Acredito que dois conceitos de Bourdieu se encaixam perfeitamente na análise do processo: o poder simbólico e o habitus. Todavia, antes de focar na posição da juíza perante o caso - que é o ponto principal da minha análise - voltemo-nos primeiramente a um breve resumo do que os advogados disseram. O que acusava disse que Matheus ultrapassou os limites toleráveis de uma brincadeira e por isso deveria ser penalizado, uma vez que seu discurso teria contido “expressões de conteúdo machista, misógino, sexista e pornográfico, expondo-os (os calouros) à situação humilhante”. O que defendia disse que houve o consentimento dos calouros em participar da brincadeira, que ele não tinha dentro de si ânimo de ódio, que Matheus não tinha escrito o discurso e que só estava repetindo-o, portanto, por essas razões, não poderia ser penalizado. Aqui, me permito comentar que o advogado de defesa mais se parece com um palhaço, um comediante, porque apenas um profissional do humor poderia usar argumentos tão ridículos. Não tinha dentro de si ânimo de ódio? De boas intenções o inferno está cheio...
Com isso exposto, podemos focar no ponto principal do processo, que foi a posição que a juíza Adriana Bonemer adotou. Logo de início ela expôs de que lado estava e, pasmem, não era nem contra nem a favor do requerido, mas uma terceira opção: contra o feminismo. Digo isso porque ela até chega a se posicionar contra Matheus, mas, principalmente contra o feminismo. Enquanto ela se limita a dizer que o “juramento” de Matheus foi vulgar e imoral, ela gasta páginas para discorrer sobre o quão degradante e subversivo é o feminismo. Aqui, nós encontramos o exemplo perfeito do que acontece quando uma pessoa que não está disposta a abrir mão do seu habitus alcança uma posição de poder.

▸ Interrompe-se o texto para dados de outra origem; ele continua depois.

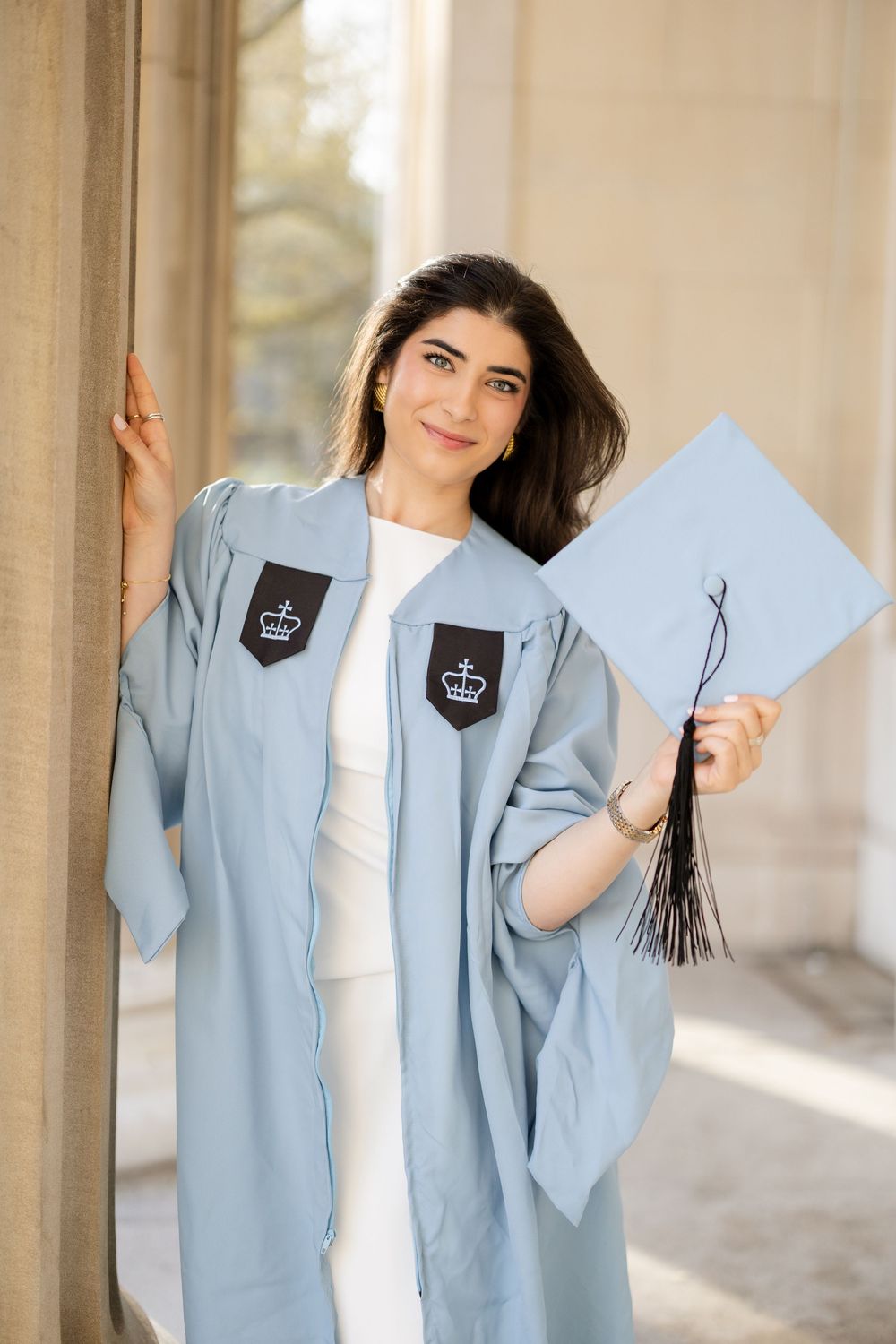 Graduate student in light blue academic regalia holding diploma and tassel while posing against marble column.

Claramente a Dra. Adriana, influenciada pelo meio que viveu, possui uma percepção de mundo antifeminista (mais especificamente, contra a luta pela liberdade sexual das mulheres) e, por conta disso, se cegou ao fato de que a fala de Matheus realmente fez apologia ao estupro. O seu habitus a influenciou tanto na hora de julgar o caso que ela, simplesmente, gastou mais que a metade da sua fala fugindo do assunto. Se o feminismo é ou não é degradante não estava posto para análise! Além disso, a juíza, que utilizou de vários filósofos para tentar explicar como a revolução sexual é, na realidade, busca por promiscuidade, não entende o conceito de poder simbólico. O homem, simplesmente por nascer homem, possui, numa sociedade patriarcal, um poder que as mulheres não têm.

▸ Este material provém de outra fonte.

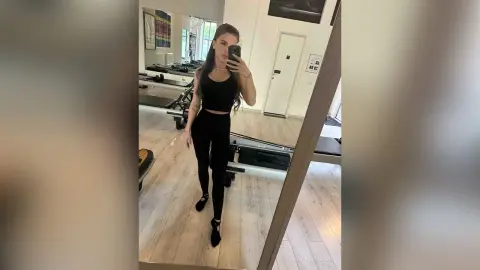 Young woman in black athletic wear taking a mirror selfie in a bright modern home gym.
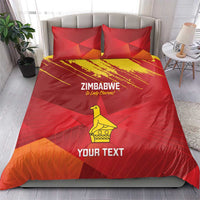 Red bedding set with Zimbabwe text, yellow bird graphic, and chevron grunge pattern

Ser homem é um símbolo, um símbolo que possui poder. É claro que os homens possuem mais liberdade sexual que as mulheres e sobre isso não vou me estender mais do que uma simples pergunta: Qual a diferença entre chamar alguém de vagabundo e chamar alguém de vagabunda? Está aí a resposta sobre a diferença entre a liberdade sexual masculina e a feminina. No entanto, o habitus da juíza não permitiu que ela enxergasse esse poder simbólico e, por conta disso, deu causa ganha ao Matheus… Sinceramente, o que eu senti ao ler esse processo foi que a juíza fez um papel de advogada de defesa melhor do que o advogado do Matheus. Seria cômico se não fosse triste.